In case completion of the questionnaire prompted feelings of anxiety or stress, the e-mail address of one of the investigators (an andrologist and a specialist in sexual medicine) was given at the end of the questionnaire. Respondents could also contact an investigator if they had any queries regarding the questionnaire and its content. Because we hypothesized that answers to this survey could vary in function of religious or ethnical origins, we asked the survey website to include men, known as belonging to various religious or ethnical groups. Thus, the survey website ensured that the sample was representative of men in the French general population.

Statistical analysis

Statistical analyses were carried out with SAS software (version 9.1, SAS Institute Inc., Cary, NC, USA). Data are expressed as the mean ± standard error of the mean (SEM) and [range]. For age and the frequency of sexual intercourse per week, two subgroups of participants (those living with a partner and those not) were compared using Student’s t-test. For all the other variables, the two groups were compared using a chi-squared test or (if the sample size was below five) Fisher’s test. The threshold for statistical significance was set to p <0.05 for all tests.

Results

A total of 441 questionnaires were completed online. The participants’ mean age was 25.8 ± 0.3 [18-44], and the mean frequency of sexual intercourse per week was 2.5 ± 0.1 [0-10]. Numerous participants were living with a partner (n = 284, 64.4 %). The two subgroups (single men vs. those living with a partner) did not differ significantly in terms of age (26 ± 0.3 years vs. 25.5 ± 0.5 years old, respectively; p = 0.4). As expected, men living with a partner had sexual intercourse more frequently than single men did (3.0 ± 0.2 vs. 1.4 ± 0.1, respectively; p < 0.0001). Fifty-eight of the men (13.2 %) had already considered having a sperm analysis just to find out what his sperm count would be.

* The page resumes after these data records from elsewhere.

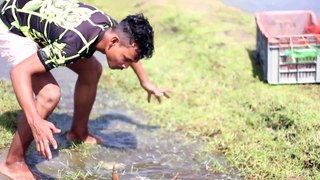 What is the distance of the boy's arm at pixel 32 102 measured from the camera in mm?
3010

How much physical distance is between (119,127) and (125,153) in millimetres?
656

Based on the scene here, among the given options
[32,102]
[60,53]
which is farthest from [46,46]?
[32,102]

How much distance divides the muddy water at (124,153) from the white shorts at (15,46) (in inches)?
32.0

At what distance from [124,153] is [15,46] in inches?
50.2

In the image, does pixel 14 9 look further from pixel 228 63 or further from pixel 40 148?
pixel 228 63

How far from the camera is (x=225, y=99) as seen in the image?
5.50 meters

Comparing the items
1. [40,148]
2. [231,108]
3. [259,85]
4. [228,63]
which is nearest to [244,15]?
[228,63]

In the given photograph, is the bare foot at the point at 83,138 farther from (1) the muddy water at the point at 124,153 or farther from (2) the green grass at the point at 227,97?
(2) the green grass at the point at 227,97

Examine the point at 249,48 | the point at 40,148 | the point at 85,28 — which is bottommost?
the point at 249,48

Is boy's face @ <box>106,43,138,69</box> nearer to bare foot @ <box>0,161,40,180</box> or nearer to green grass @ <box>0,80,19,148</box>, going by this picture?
bare foot @ <box>0,161,40,180</box>

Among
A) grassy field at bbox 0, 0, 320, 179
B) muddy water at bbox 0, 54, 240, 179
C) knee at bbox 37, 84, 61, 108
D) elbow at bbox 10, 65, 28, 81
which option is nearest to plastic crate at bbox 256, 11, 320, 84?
grassy field at bbox 0, 0, 320, 179

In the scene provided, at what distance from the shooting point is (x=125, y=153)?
14.2 feet

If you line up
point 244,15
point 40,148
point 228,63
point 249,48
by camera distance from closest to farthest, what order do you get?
1. point 40,148
2. point 228,63
3. point 249,48
4. point 244,15

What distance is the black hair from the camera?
323 cm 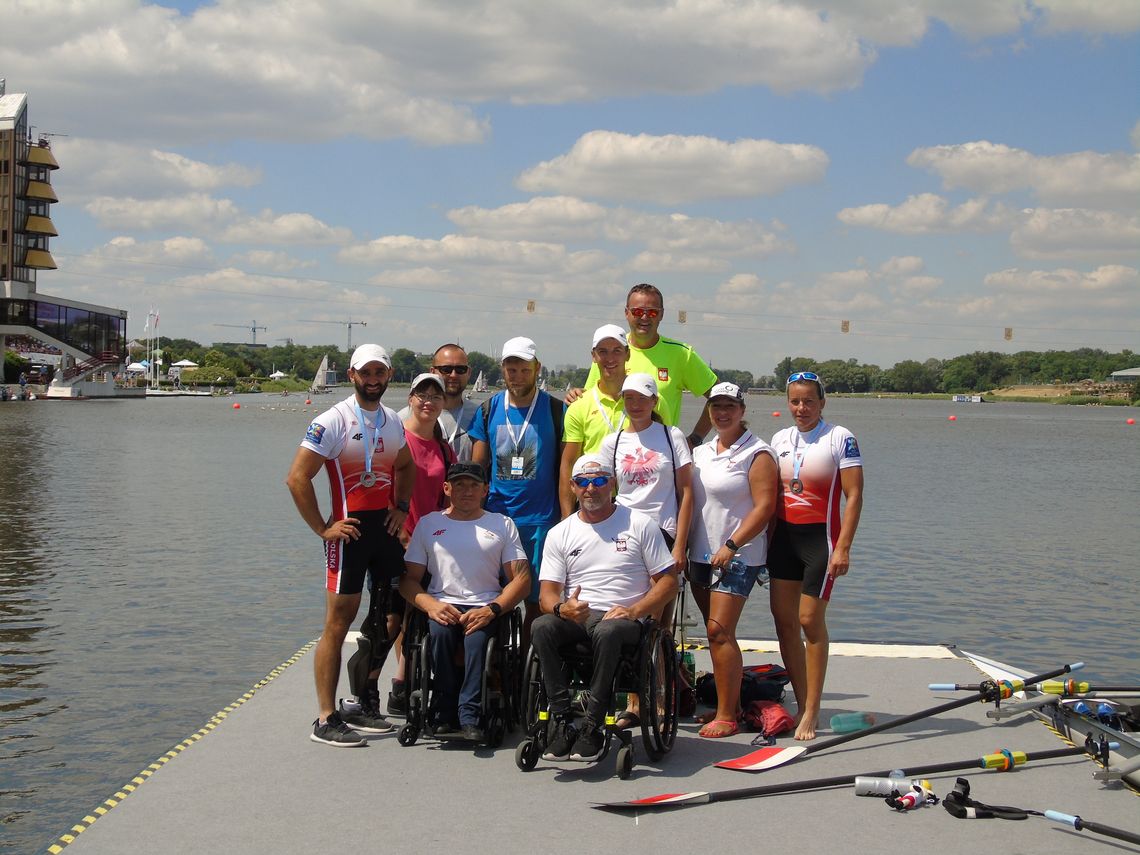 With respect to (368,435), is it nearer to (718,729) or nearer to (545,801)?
(545,801)

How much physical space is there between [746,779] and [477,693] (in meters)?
1.35

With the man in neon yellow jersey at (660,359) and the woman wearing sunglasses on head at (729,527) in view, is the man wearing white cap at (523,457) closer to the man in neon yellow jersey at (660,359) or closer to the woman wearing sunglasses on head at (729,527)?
the man in neon yellow jersey at (660,359)

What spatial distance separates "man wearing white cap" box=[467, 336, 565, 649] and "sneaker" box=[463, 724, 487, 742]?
2.15 feet

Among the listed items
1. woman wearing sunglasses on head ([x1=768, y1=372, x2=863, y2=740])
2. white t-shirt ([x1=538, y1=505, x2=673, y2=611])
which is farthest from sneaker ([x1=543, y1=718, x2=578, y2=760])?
woman wearing sunglasses on head ([x1=768, y1=372, x2=863, y2=740])

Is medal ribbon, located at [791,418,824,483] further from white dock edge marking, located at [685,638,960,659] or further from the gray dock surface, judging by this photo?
white dock edge marking, located at [685,638,960,659]

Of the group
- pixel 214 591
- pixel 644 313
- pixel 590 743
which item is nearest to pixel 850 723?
pixel 590 743

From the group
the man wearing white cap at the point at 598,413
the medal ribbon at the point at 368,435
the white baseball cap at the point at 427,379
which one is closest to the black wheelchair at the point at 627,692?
the man wearing white cap at the point at 598,413

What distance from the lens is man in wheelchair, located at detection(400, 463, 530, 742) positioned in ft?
17.9

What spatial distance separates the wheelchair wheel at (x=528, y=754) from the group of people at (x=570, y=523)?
0.41 ft

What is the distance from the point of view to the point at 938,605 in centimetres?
1341

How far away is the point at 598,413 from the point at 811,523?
125cm

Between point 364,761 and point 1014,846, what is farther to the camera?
point 364,761

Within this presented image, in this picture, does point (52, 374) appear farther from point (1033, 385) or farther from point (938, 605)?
point (1033, 385)

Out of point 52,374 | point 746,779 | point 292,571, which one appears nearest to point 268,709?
point 746,779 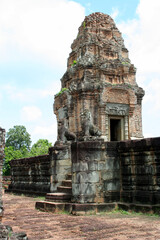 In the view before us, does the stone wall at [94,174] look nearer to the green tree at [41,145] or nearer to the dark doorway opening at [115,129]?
the dark doorway opening at [115,129]

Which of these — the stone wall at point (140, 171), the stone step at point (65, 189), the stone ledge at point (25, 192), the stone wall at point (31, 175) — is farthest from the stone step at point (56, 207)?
the stone ledge at point (25, 192)

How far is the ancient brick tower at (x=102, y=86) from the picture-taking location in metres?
15.1

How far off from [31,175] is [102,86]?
582 centimetres

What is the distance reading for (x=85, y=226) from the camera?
236 inches

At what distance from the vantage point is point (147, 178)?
7.68 meters

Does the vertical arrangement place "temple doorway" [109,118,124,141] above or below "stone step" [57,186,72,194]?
above

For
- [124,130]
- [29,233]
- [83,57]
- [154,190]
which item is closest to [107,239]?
[29,233]

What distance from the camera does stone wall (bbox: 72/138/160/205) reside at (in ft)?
24.9

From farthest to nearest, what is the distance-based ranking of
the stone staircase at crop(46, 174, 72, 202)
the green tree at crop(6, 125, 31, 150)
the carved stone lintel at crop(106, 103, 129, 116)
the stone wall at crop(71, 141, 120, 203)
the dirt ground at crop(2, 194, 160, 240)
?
the green tree at crop(6, 125, 31, 150), the carved stone lintel at crop(106, 103, 129, 116), the stone staircase at crop(46, 174, 72, 202), the stone wall at crop(71, 141, 120, 203), the dirt ground at crop(2, 194, 160, 240)

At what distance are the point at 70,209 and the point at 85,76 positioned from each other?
8935 mm

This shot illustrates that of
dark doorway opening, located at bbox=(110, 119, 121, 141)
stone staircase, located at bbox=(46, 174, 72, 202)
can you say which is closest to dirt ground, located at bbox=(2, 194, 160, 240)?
stone staircase, located at bbox=(46, 174, 72, 202)

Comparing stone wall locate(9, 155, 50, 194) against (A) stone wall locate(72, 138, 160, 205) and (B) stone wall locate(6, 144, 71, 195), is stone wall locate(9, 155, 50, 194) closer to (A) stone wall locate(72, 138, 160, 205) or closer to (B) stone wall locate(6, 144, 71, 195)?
(B) stone wall locate(6, 144, 71, 195)

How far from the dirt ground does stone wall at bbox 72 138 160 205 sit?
2.24ft

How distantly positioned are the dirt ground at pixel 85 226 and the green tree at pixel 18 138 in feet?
128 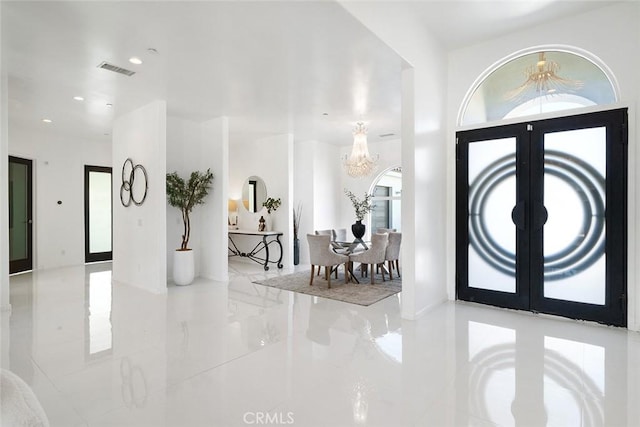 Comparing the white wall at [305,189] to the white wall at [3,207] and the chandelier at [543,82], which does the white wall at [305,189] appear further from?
the white wall at [3,207]

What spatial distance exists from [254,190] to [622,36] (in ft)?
22.4

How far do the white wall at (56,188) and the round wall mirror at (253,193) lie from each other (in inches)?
139

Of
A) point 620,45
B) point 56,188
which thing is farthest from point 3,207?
point 620,45

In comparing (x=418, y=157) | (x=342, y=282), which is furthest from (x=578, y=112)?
(x=342, y=282)

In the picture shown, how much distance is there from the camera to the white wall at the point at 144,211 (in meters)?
5.21

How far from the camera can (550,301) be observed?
13.1ft

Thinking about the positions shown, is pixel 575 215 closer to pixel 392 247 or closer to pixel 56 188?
pixel 392 247

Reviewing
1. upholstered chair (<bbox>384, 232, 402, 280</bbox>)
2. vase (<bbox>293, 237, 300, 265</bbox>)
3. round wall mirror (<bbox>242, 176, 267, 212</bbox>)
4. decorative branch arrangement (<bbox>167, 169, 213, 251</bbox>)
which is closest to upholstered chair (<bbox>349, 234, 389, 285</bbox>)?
upholstered chair (<bbox>384, 232, 402, 280</bbox>)

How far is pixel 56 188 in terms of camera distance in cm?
759

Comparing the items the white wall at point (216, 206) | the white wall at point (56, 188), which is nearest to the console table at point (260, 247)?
the white wall at point (216, 206)

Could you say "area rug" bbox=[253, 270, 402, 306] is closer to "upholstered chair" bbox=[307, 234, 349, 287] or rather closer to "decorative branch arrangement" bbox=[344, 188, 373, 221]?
"upholstered chair" bbox=[307, 234, 349, 287]

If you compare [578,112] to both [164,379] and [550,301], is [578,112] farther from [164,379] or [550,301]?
[164,379]

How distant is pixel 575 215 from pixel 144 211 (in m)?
5.94

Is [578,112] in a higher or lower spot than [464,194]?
higher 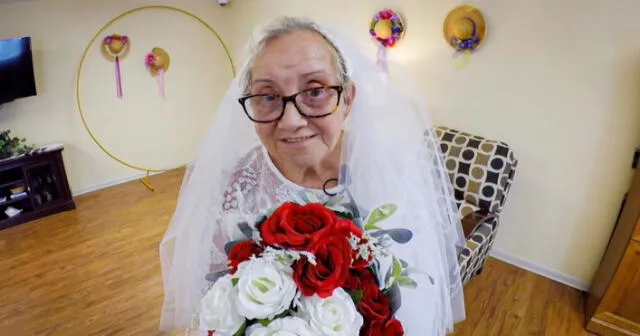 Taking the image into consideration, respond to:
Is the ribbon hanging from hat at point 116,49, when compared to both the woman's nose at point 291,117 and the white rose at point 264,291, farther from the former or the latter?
the white rose at point 264,291

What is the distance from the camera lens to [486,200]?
2.22 metres

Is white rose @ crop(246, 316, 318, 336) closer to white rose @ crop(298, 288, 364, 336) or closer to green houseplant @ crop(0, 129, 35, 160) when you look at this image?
white rose @ crop(298, 288, 364, 336)

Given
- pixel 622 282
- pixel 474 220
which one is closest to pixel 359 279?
pixel 474 220

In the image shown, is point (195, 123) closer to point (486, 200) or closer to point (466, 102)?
point (466, 102)

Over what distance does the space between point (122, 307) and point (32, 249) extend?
1094 millimetres

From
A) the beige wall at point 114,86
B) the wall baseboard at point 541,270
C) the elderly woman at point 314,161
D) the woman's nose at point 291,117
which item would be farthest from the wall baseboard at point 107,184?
the woman's nose at point 291,117

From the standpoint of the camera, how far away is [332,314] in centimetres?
53

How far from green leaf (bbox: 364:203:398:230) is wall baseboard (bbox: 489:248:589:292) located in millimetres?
2285

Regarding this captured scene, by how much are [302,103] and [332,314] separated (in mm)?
483

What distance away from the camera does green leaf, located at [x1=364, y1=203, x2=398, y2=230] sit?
67cm

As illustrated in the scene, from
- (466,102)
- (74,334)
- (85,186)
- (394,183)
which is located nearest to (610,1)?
(466,102)

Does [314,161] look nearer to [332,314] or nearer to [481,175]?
[332,314]

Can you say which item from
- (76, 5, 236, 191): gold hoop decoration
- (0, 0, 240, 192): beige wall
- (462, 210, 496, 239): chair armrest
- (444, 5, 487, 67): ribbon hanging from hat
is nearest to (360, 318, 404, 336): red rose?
(462, 210, 496, 239): chair armrest

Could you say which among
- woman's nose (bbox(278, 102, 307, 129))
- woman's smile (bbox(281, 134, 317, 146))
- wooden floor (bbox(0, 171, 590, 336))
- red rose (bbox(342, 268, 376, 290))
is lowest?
wooden floor (bbox(0, 171, 590, 336)) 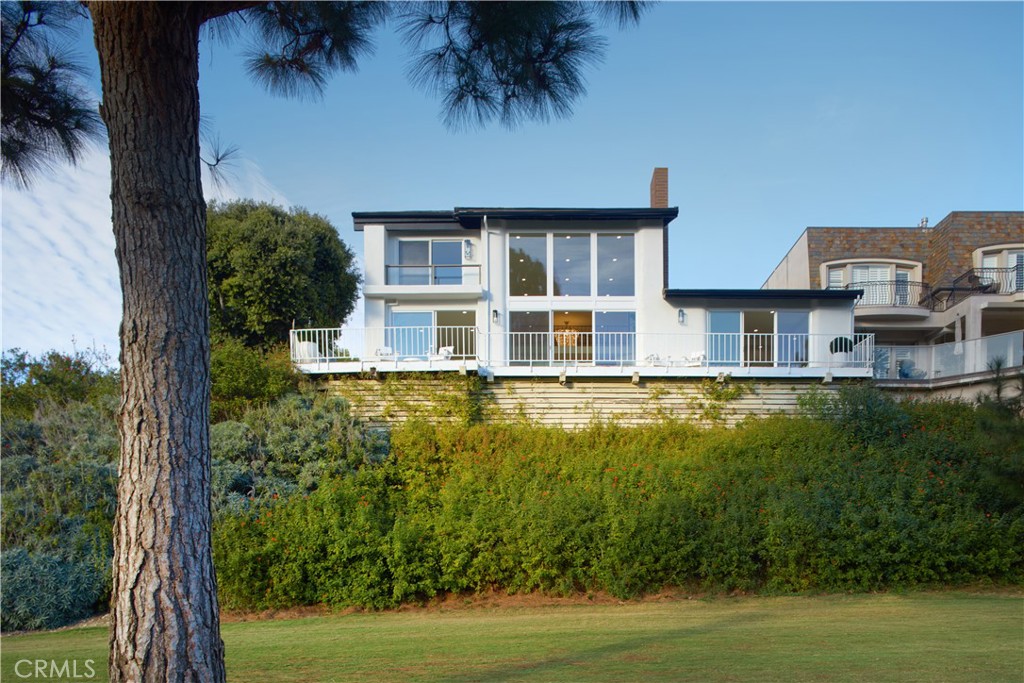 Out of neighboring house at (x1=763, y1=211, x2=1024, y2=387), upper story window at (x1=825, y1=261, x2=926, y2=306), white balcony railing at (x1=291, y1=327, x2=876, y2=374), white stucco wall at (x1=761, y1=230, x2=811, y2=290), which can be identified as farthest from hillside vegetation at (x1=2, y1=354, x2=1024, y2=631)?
white stucco wall at (x1=761, y1=230, x2=811, y2=290)

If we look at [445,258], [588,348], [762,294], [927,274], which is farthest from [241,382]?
[927,274]

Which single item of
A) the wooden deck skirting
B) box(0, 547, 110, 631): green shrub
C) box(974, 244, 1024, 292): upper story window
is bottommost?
box(0, 547, 110, 631): green shrub

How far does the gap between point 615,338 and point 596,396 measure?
3028mm

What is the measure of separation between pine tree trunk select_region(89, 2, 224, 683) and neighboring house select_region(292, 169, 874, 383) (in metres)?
12.6

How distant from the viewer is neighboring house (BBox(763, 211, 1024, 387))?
20.3m

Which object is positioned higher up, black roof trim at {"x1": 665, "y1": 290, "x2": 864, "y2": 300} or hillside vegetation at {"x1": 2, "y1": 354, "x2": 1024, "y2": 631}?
black roof trim at {"x1": 665, "y1": 290, "x2": 864, "y2": 300}

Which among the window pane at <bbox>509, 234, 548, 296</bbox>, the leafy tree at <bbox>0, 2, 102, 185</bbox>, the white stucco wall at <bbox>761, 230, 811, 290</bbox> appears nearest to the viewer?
the leafy tree at <bbox>0, 2, 102, 185</bbox>

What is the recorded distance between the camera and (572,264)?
733 inches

The data for questions 3 and 4 are shown in Figs. 1 and 2, respectively. In response to the question “what would having a high or normal sperm count symbolize for you?”, the most frequent answer (for 90 % of the respondents) was “being able to father a child”. A relatively high proportion (38.1 %) of the men also chose “being in good health”. Smaller proportions selected “virility” (18.6 %) and “ability to ejaculate” (14.5 %). Men living with a partner were significantly more likely than single men to answer “being able to father a child” (92.3 % vs. 86 %, respectively; p < 0.05) and significantly less likely to select “virility” (14.8 % vs. 25.5 %, respectively; p < 0.01) or “ability to ejaculate” (11.6 % vs. 19.7 %, respectively; p < 0.05). Overall, a relatively high proportion of the men (n = 124, 28.1 %) considered that having a high sperm count symbolized “virility” and/or “ability to have an erection” and/or “ability to ejaculate”. Men living with a partner were significantly less likely than single men to consider that having a high sperm count symbolized “virility” and/or “erection” and/or “ability to ejaculate” (n = 65 out of 284 (22.9 %) vs. n = 59 out of 157 (37.6 %), respectively; p = 0.001) and consider that having a normal or high sperm count symbolized good sexual health (n = 38 out of 284 (13.4 %) vs. n = 34 out of 157 (21.7 %), respectively; p = 0.02). None of the respondents chose the answer (g), i.e., “other feelings; please specify”.

Fig. 1
figure 1

Proportion of the various answers to the question “what would having a high or normal sperm count symbolize for you?” for the 441 men included

Fig. 2
figure 2

Proportion of the various answers to the question “If you found out that you had a low sperm count or no spermatozoa at all, how would you feel?” for the 441 men included

In response to the question “If you found out that you had a low sperm count or no spermatozoa at all, how would you feel?”, most of the men (81.9 %) stated that they would be disappointed. A relatively high proportion of the men also stated also that they would feel guilty with regard to their partner (37.2 %). Lower proportions stated that they would feel angry (17.0 %) or ashamed (15.0 %). Men living with a partner were more likely than single men to state that they would feel ashamed (17.6 % vs. 10.2 %, respectively; p < 0.05) or guilty with regard to their partner (43.3 % vs. 26.1 %, respectively; p < 0.0001). None of the respondents chose the answer (g), i.e., “other feelings; please specify”.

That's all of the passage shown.